Communication, Networking, Signal and Image Processing (CS)

Question 1: Probability and Random Processes

August 2015

## Question

Part 1.

If $X$ and $Y$ are independent Poisson random variables with respective parameters $\lambda_1$ and $\lambda_2$, calculate the conditional probability mass function of $X$ given that $X+Y=n$.

Part 2.

Let $Z(t), t\ge 0$, be a random process obtained by switching between the values 0 and 1 according to the event times in a counting process $N(t)$. Let $P(Z(0)=0)=p$ and

$P(N(t)=k) = \frac{1}{1+\lambda t}(\frac{\lambda t}{1+\lambda t})^k$

for $k = 0, 1, ...$. Find the pmf of $Z(t)$.

Part 3.

Let $X$ and $Y$ be independent identically distributed exponential random variables with mean $\mu$. Find the characteristic function of $X+Y$.

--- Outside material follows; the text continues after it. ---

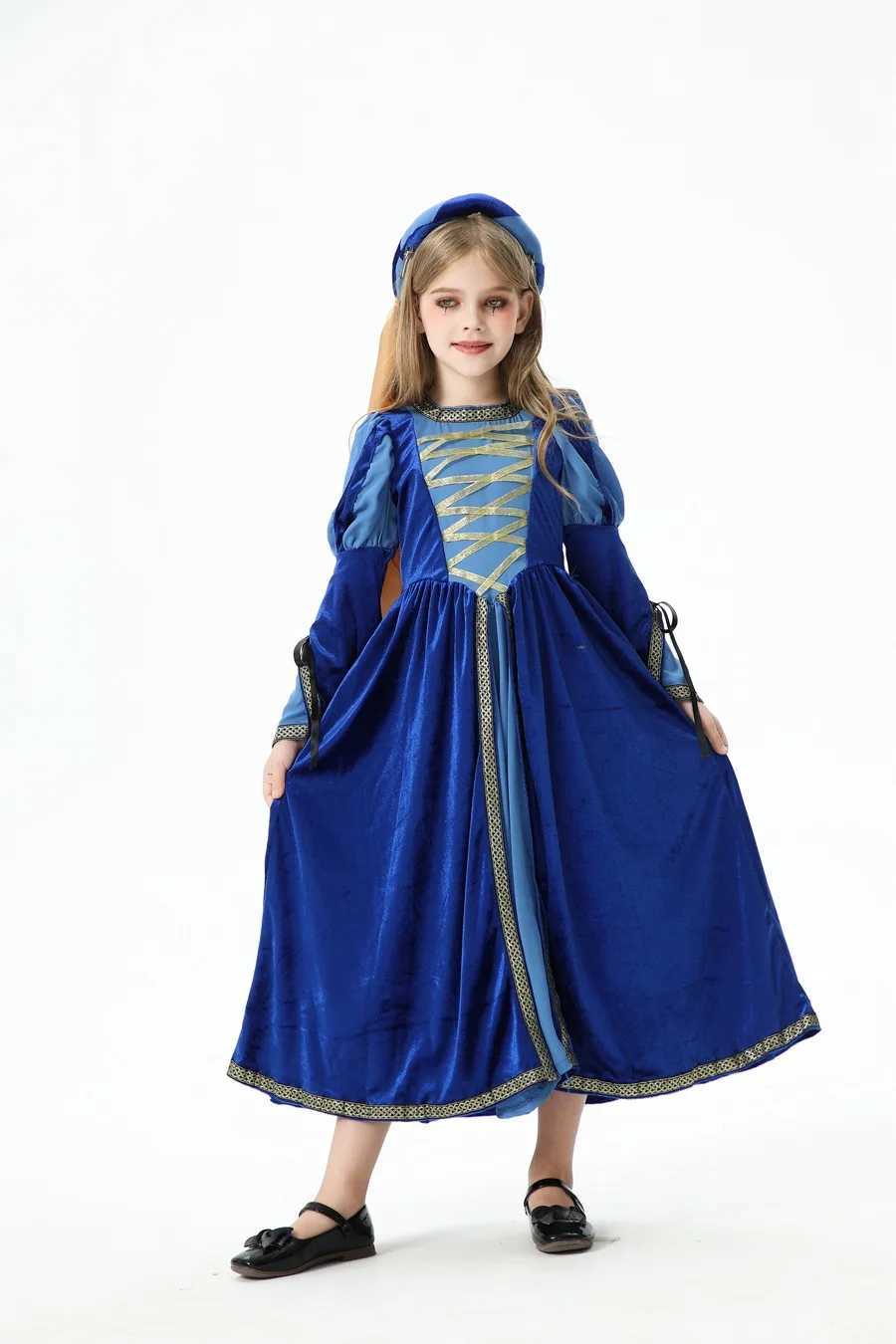 Childrens Vampire Costume Retro Palace Horror Witch Dress Medieval Renaissance Girls Halloween Role Playing Vampire Blue Dress Set W240914
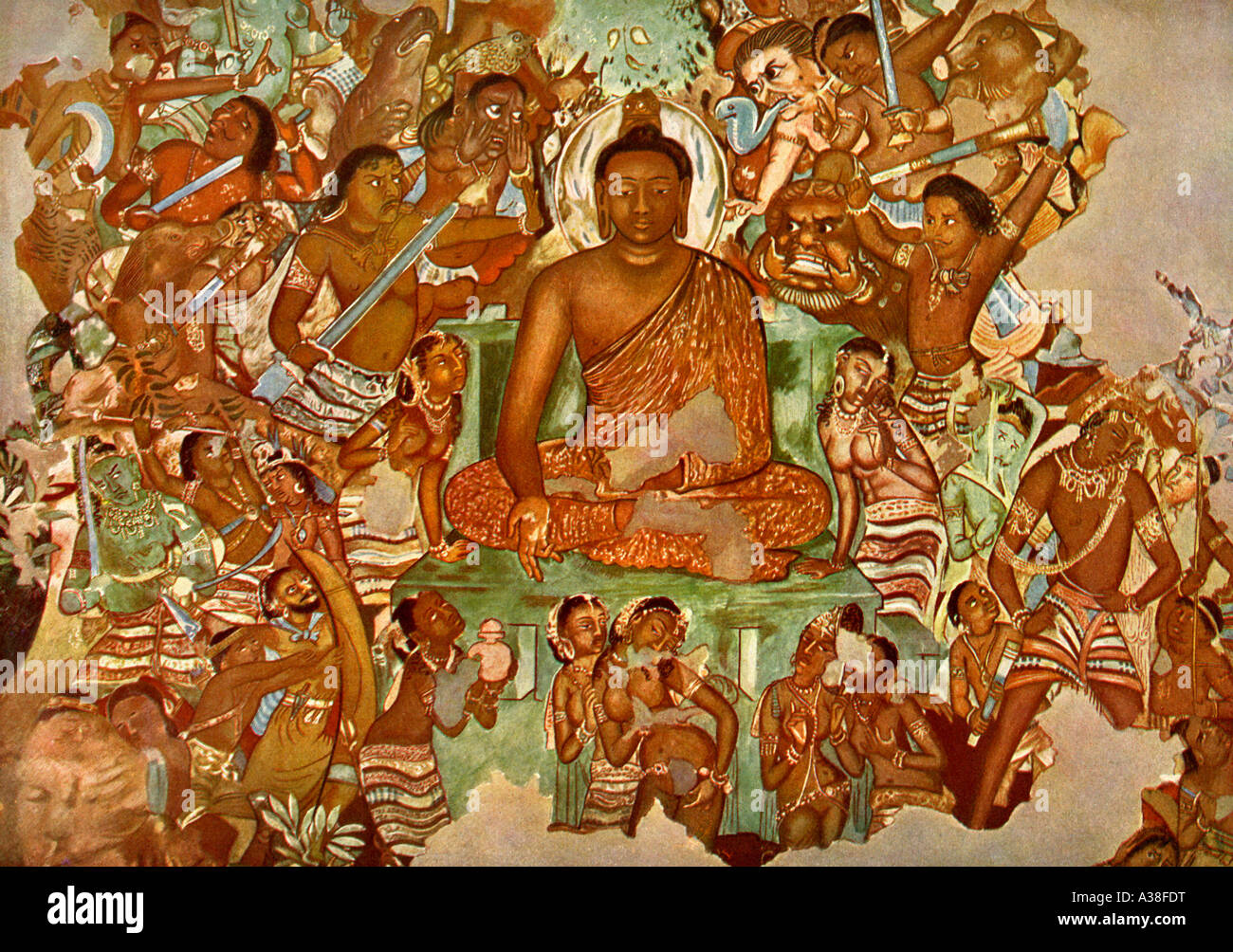 Les essais du Bouddha par Mara et ses filles Banque D'Images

Consider a sequence of independent and identically distributed random variables $X_1,X_2,... X_n$, where each $X_i$ has mean $\mu = 0$ and variance $\sigma^2$. Show that for every $i=1,...,n$ the random variables $S_n$ and $X_i-S_n$, where $S_n=\sum_{j=1}^{n}X_j$ is the sample mean, are uncorrelated.